-------- Provided records
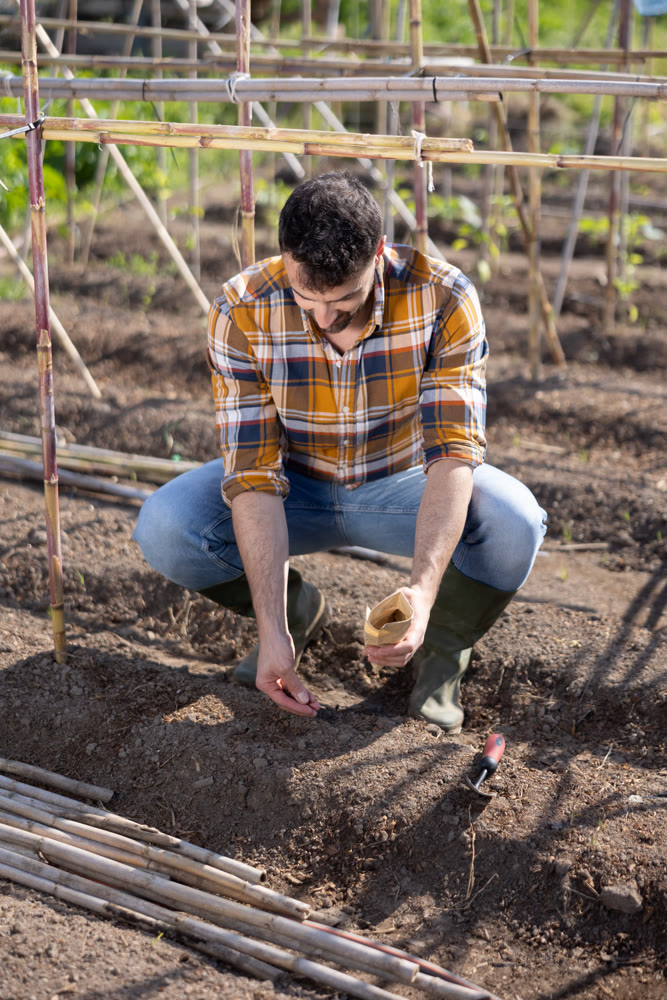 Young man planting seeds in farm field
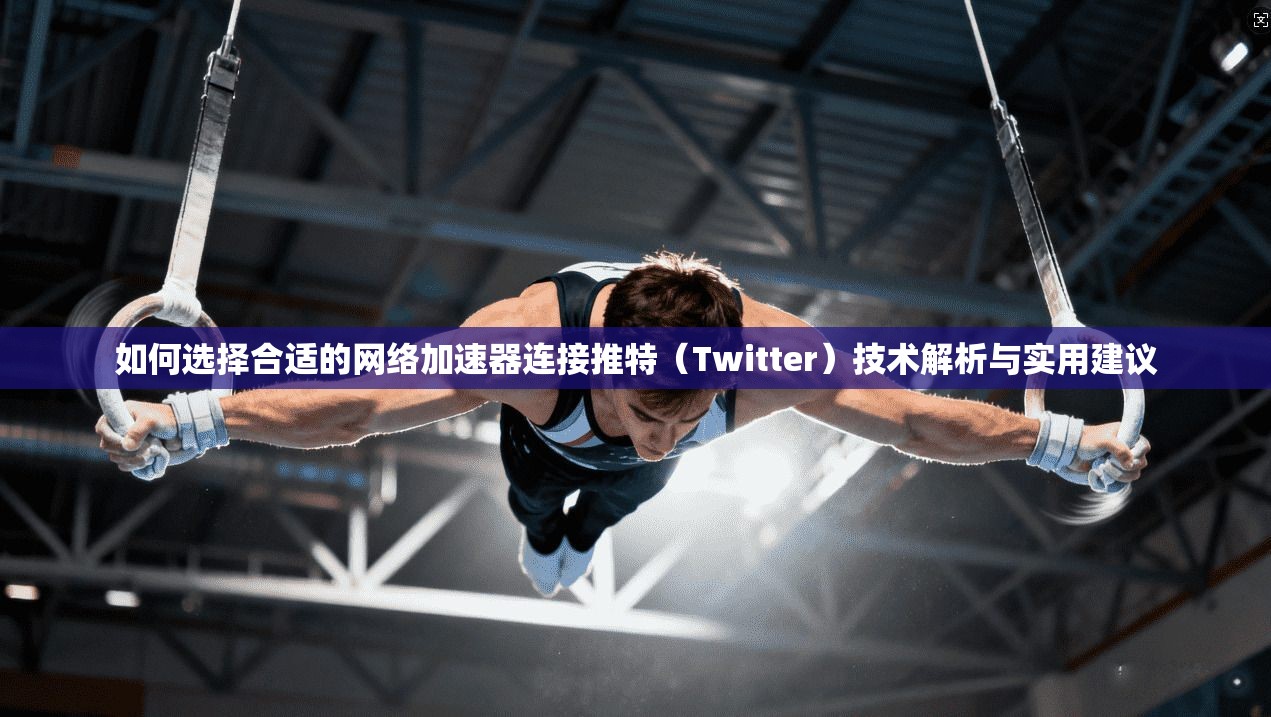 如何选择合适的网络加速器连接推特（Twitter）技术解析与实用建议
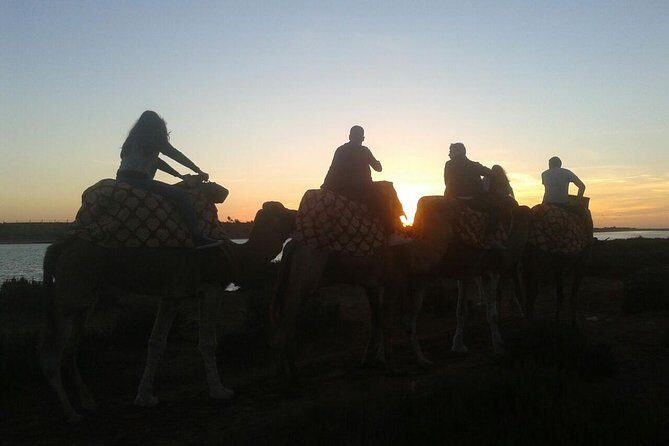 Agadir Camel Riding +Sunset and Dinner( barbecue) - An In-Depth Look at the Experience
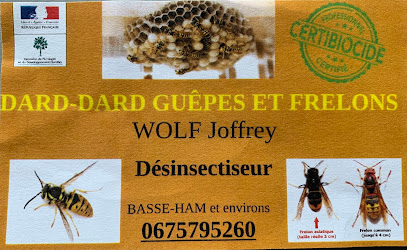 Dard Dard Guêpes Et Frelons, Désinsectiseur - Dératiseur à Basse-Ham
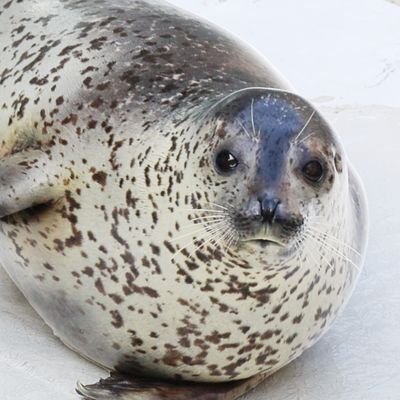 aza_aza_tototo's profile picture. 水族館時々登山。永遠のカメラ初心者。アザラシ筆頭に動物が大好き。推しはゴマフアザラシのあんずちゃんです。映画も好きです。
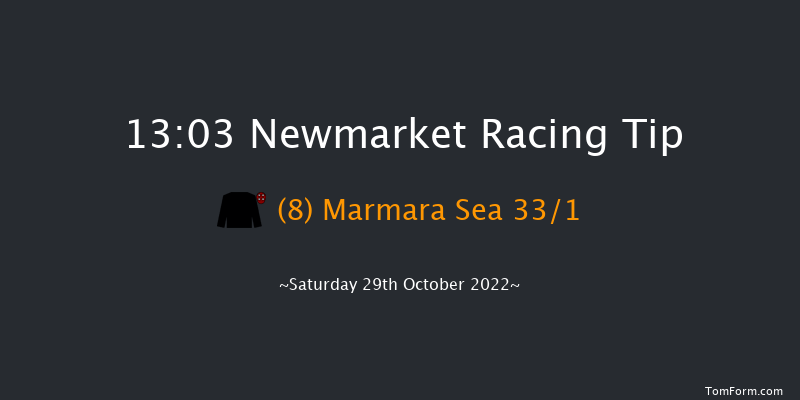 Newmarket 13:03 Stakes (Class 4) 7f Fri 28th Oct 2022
----------------
● **To do**
From the entries above, copy exactly the lines starting at the one with "如何选择合适的网络加速器连接推特（Twitter）技术解析与实用建议" and stopping at the one with "aza_aza_tototo's profile picture.", keeping both ends. Drop the pictures.

● **Answer to the problem**
 如何选择合适的网络加速器连接推特（Twitter）技术解析与实用建议
 Agadir Camel Riding +Sunset and Dinner( barbecue) - An In-Depth Look at the Experience
 Dard Dard Guêpes Et Frelons, Désinsectiseur - Dératiseur à Basse-Ham
 aza_aza_tototo's profile picture. 水族館時々登山。永遠のカメラ初心者。アザラシ筆頭に動物が大好き。推しはゴマフアザラシのあんずちゃんです。映画も好きです。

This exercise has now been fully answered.